図2】垂直軸の周りに全座席を180°回転することによって得られる回転された非標準座席位置における本発明による座席システムの一部を形成する自動車座席を概略的に示す斜視図であり、座席は、第1の受動的安全装置が設けられている。
図3】標準座席位置の図1及び2の自動車座席を概略的に示す斜視図であり、座席は、さらに第2の受動的安全装置と第3の受動的安全装置が設けられる。
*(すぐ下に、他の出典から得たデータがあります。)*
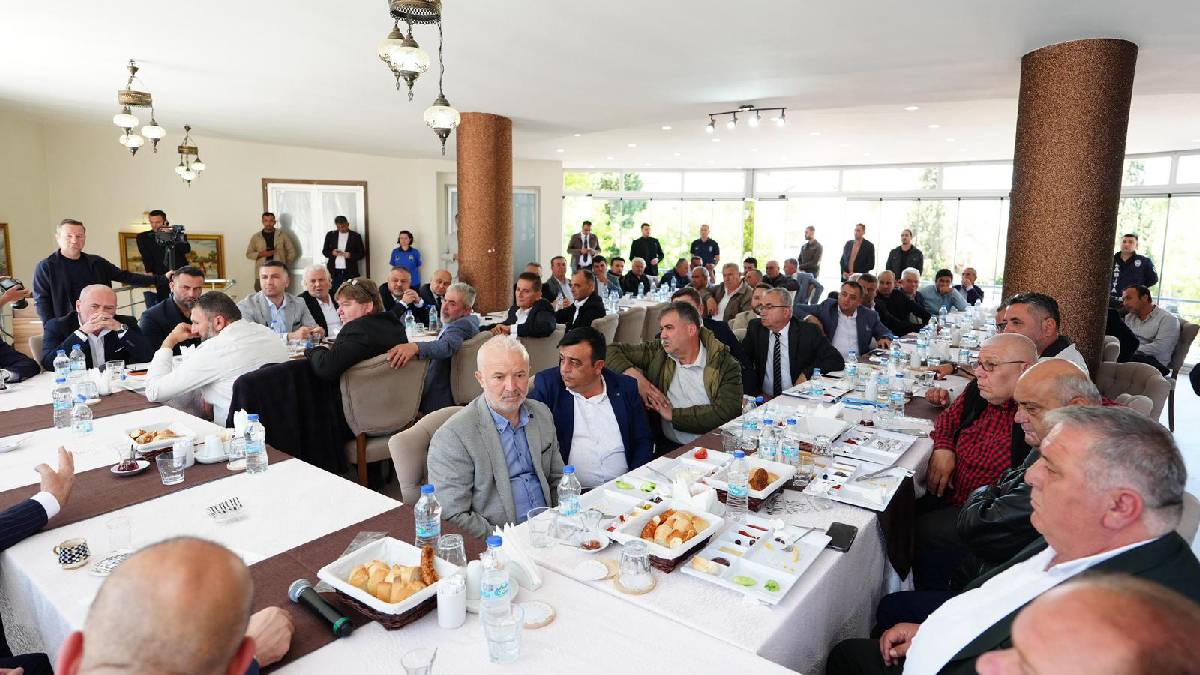Başkan Dutlulu Saruhanlı’da toplu ulaşım esnafıyla buluştu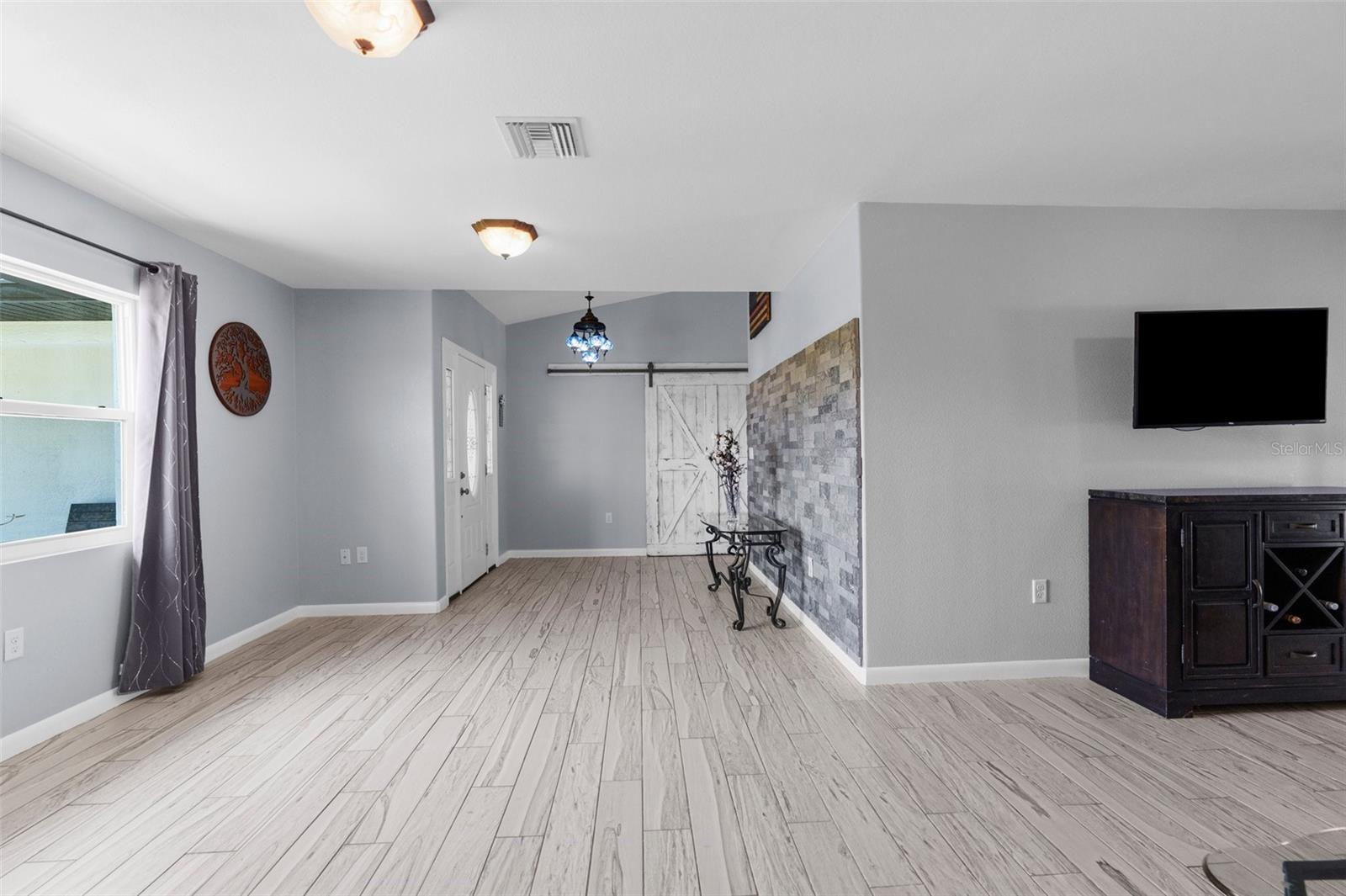 Image 18 of 48 For 13415 Ester Drive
図4】横の水平軸の周りの背もたれの後方への回転によって得られるリクライニングされた非標準座席位置の図1及び2の自動車座席を概略的に示す斜視図であり、座席は、さらに第2の受動的安全装置と第3の受動的安全装置が設けられる。
図5】非操作状態の第3の受動的安全装置を備える、本発明による座席システムの座席を概略的に示す、正面図である。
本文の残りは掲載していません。